Entropy measures the uncertainty or disorder of a distribution. For example, a uniform distribution, like the toss of a die, has a high uncertainty because all values can occur with equal probability. The uncertainty is lower in, e.g., the sum of two dice, where the probability of obtaining a 7 is higher than the probability of obtaining other values, so there is some level of certainty, or lower level of uncertainty. The same concept exists in thermodynamics, or statistical mechanics, which measures the disorder within a system (e.g., a system with high entropy can be in many different states), and in information theory where the value of new information can be measured as the drop in enthropy.

The enthropy for a discrete random variable $X$ is defined as

$$H = -\sum_x{p(x)log(p(x))}$$

### Exercise: Compute the enthropy of a Bernoulli random variable with $p=0.3$

It can be shown that the maximum enthropy, or disorder, is obtained when all the $p_X(x)$ are the same.

Enthropy is also used quite a bit in machine learning. A good example are the classification trees. The following description comes from Andrew Ng. The tree starts with a root node that presents a choice between examples that exhibit a particular feature or not, leading to two child nodes that contain examples with and without that feature. Each child poses yet another choice that leads to two more children, and so on. The process ends with any number of leaf nodes, each of which, mostly or wholly, contains examples of one class.

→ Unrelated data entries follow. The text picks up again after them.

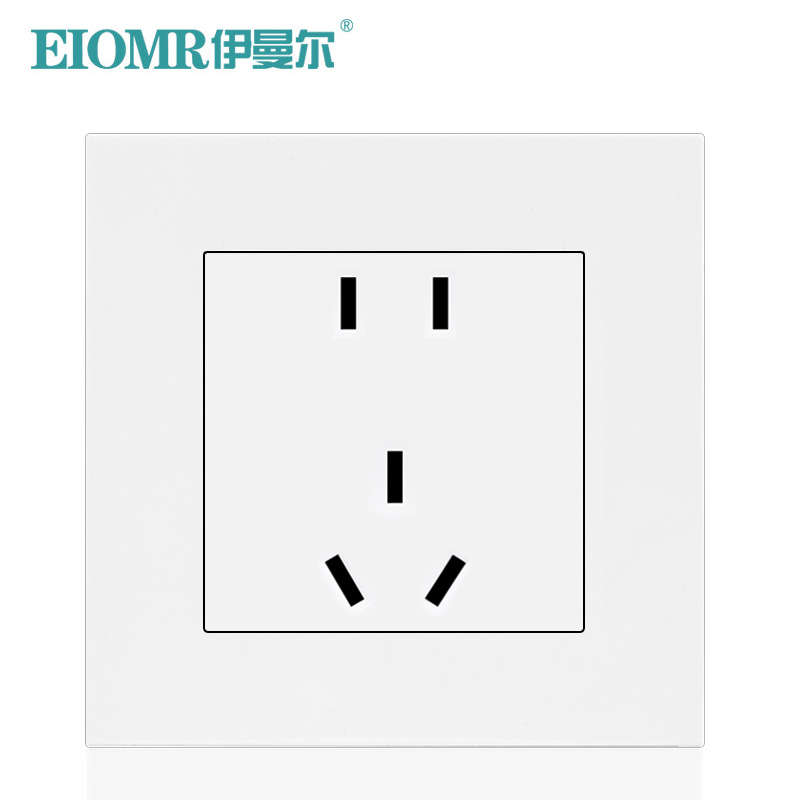 国标5孔插座面板二位插墙电源插座玻璃不锈钢铝拉丝材质86型暗装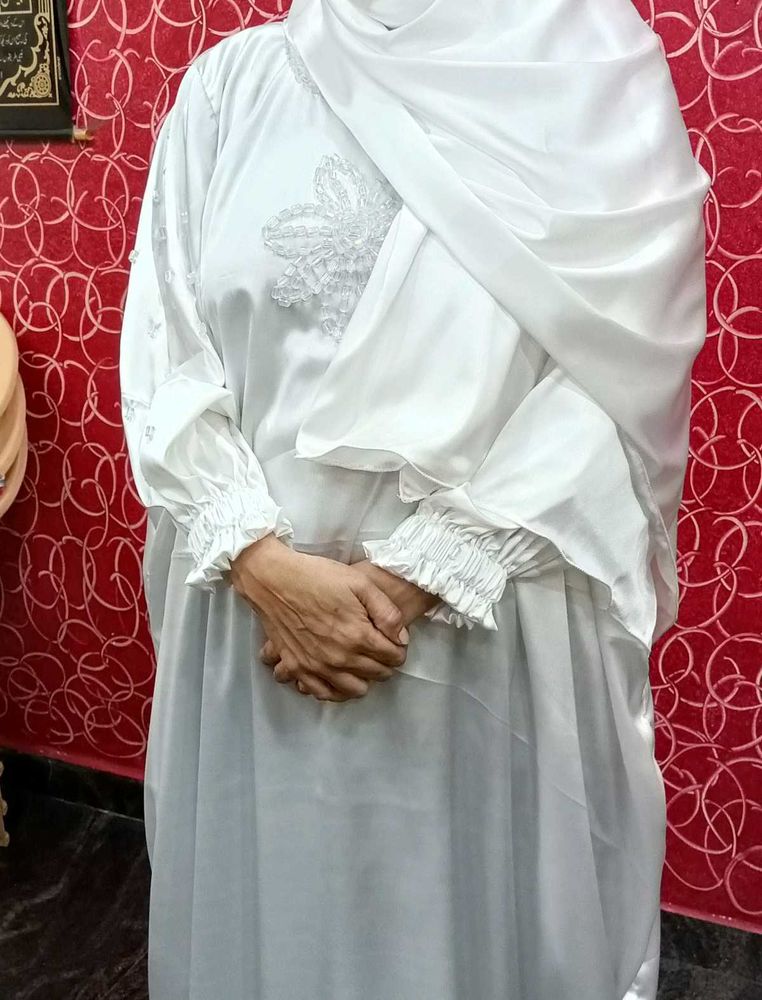 White Satin Stone Embroidered Abaya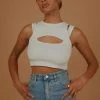 Peppermayo Exclusive Gigi Girl Knit Crop - White 2 Peppermayo Exclusive Gigi Girl Knit Crop - White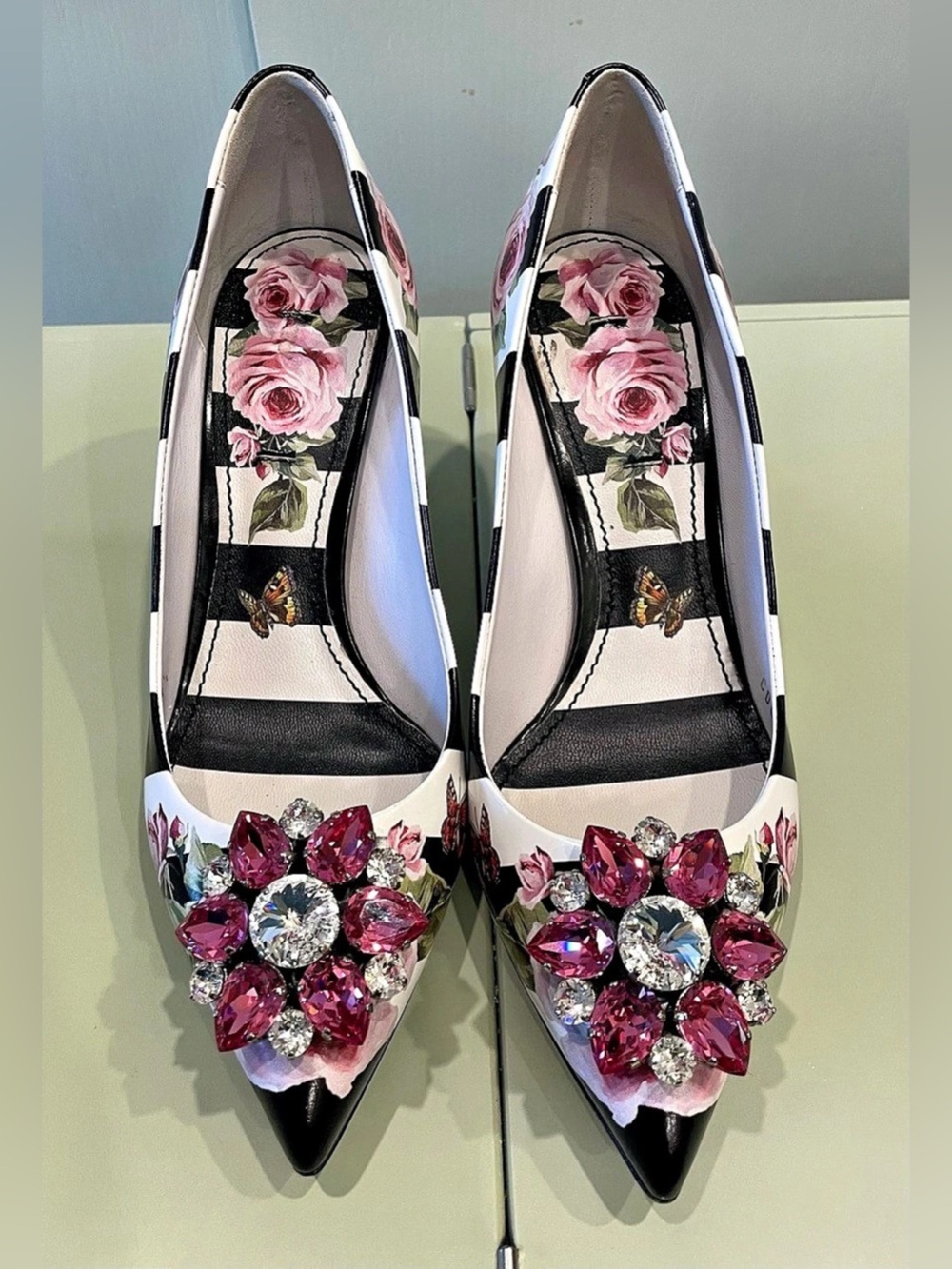 Dolce & Gabbana Rose Print Striped Leather Crystal-Embellished Pumps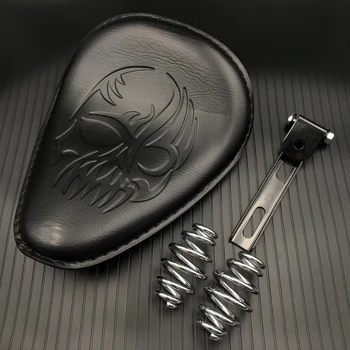 

Motorcycle Old School Torsion Leather Skull Logo Solo Seat+3" Spring Bracket Mounting Base Kit For Harley Bobber Saddle Seat
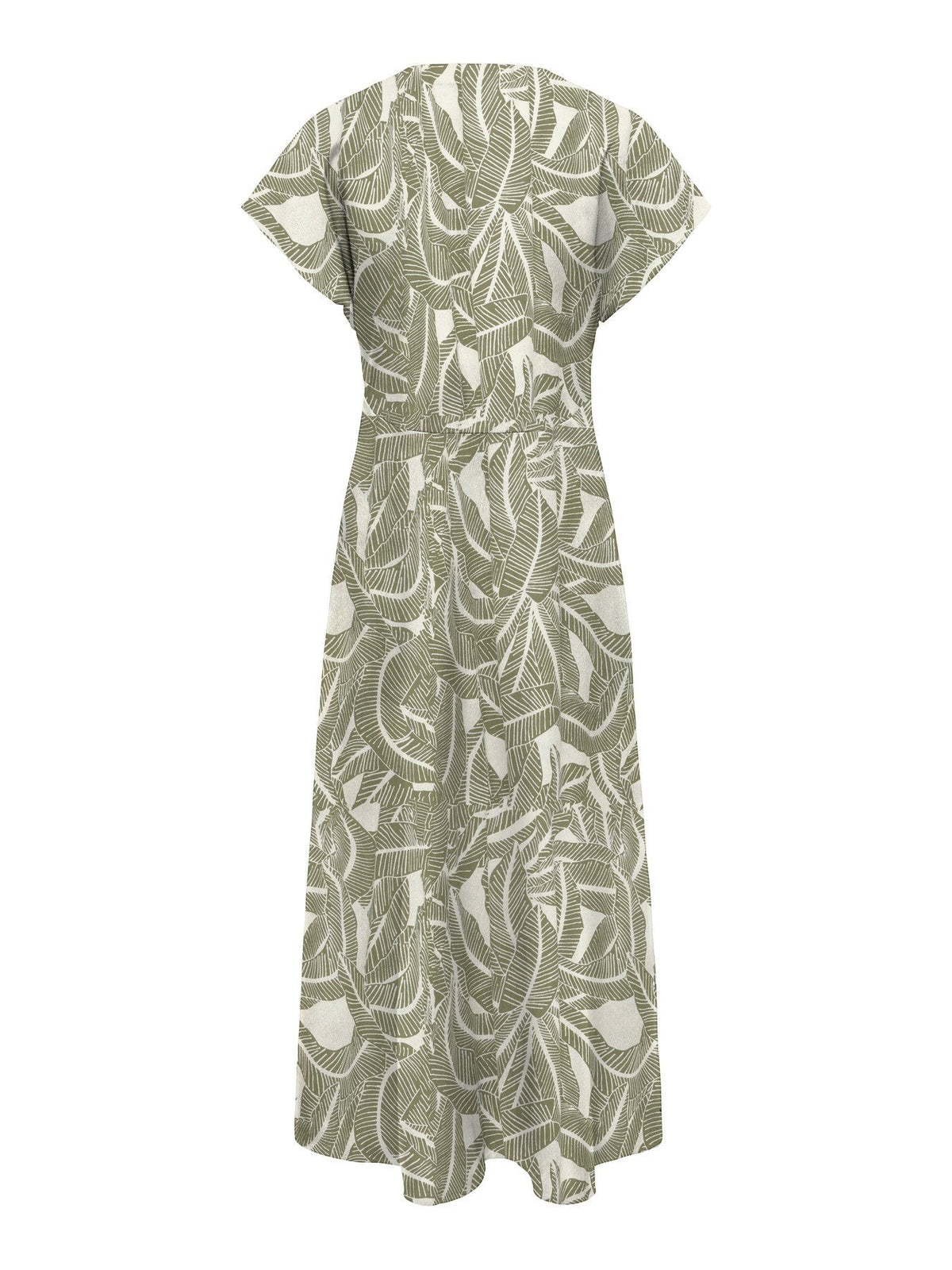 Antique Rose Boutique olive green and white botanical leaf print midi dress with flutter sleeves, back view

To grow, the tree must find the root decision. To choose, it considers all features and their values and chooses the one that maximizes the purity of the split (Optimal purity is defined as 100 percent of examples of one class going to a particular child node and none going to the other node.) This is where entropy comes to play, as it measures the purity of the split, or the disorder in the split. Splits are rarely 100 percent pure (enthropy is 0 for 100% pure splits) after just one decision and may never get there, so the process continues, producing level after level of child nodes, until purity doesn’t rise much by considering further features. At this point, the tree is fully trained.
At inference, a fresh example traverses the tree, which evaluates a different decision at each level from top to bottom. The example takes the label of the data contained by the leaf node it lands in.

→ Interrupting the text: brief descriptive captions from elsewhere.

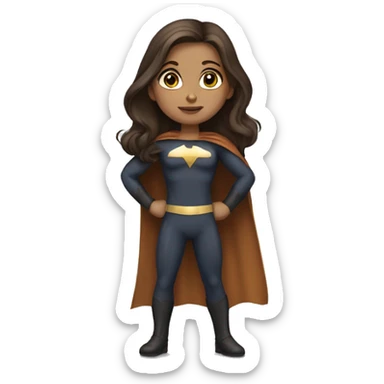 superhero, girl, long brown hair, brown eyes, hispanic sticker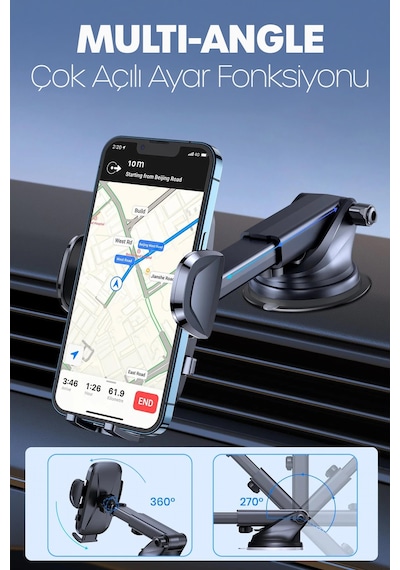 2 Modlu Klima + Torpido Araç Telefon Tutacağı Cam Havalandırma Vantuzlu Araba Telefon Tutucu Tt01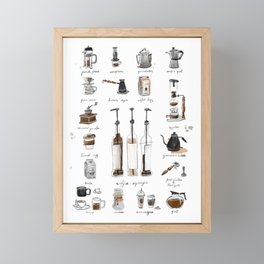 Coffee Brewing Methods Framed Mini Art Print
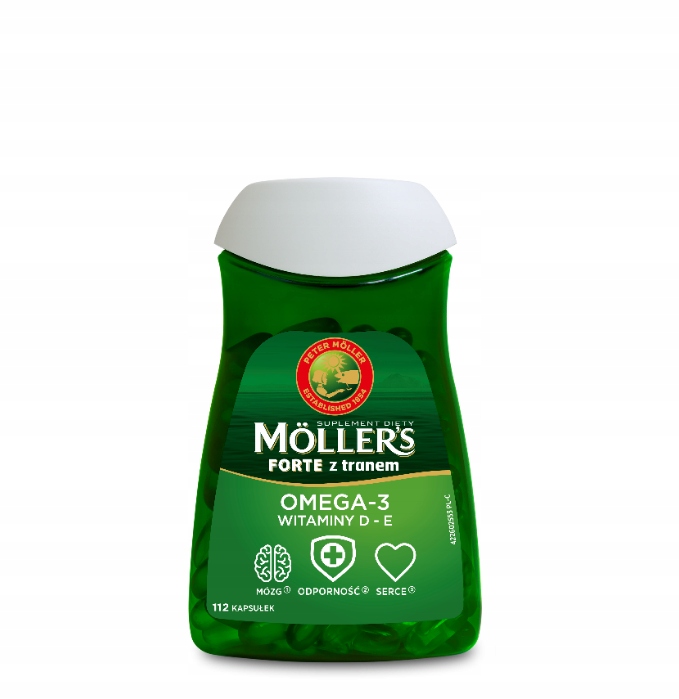 Moller's Forte Z Tranem Omega-3 Wit. D + E 112kaps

Suppose, e.g., we want to classify customers into two classes, likely to churn (or drop our service) and not likely to churn (admittedly very simplified). Then, we collect data on churn together with lots of other attributes, such as demographics (where you live, gender, age, etc.), and data about the customer's business (like how often do they use our service, have they complained before, how long have they used our service, etc.). When we start looking at our data, we may see that 5% of our customers churn - this can then be seen as our base distribution. We then go through all of our data attributes to see which one reduces the enthropy most. E.g., when we look at complaints, we split the data into two groups, one for those who ahev complained, and one for those who have not complained. We then measure the enthropy in each group, and combine them together using the population proportions in each group. If this new enthopy is lower than the one we started with, then we have some information gain by splitting the data this way. The first step is to perform this operation on all data attributes and choose the attribute that gives is the highest information gain. Then, we repeat the process for each of the subgroups, etc. until we have a decent classification tree for the classes of interest.

INTRODUCE THE FIRST PROJECT.

## Homework problems

### Binomial distribution
1. What value of $p$ maximizes $P(X=k)$ when $X$ is a binomial random variable with $n$ trials?
This is actually an important question in statistics as it gives the maximum likelihood estimator of $p$ when we observe $k$ sucesses in $n$ trials.

### Function of random variables
2. Let the the random variable $X$ have the pmf $p_X(x) = 1/9$ for $x= -4,-3,-2, -1, 0, 1,2,3,4$.  Find the distribution of $Y=X^2$.

### Expected values and variance
3. Find the expected value and variance of the random variable $Y$ in the previous problem

### Entropy
4. Let $X$ ~ binomial(2,0.2) and $Y$ ~ bernoulli(0.3) Which variable rerpesents higher disorder (enthropy)?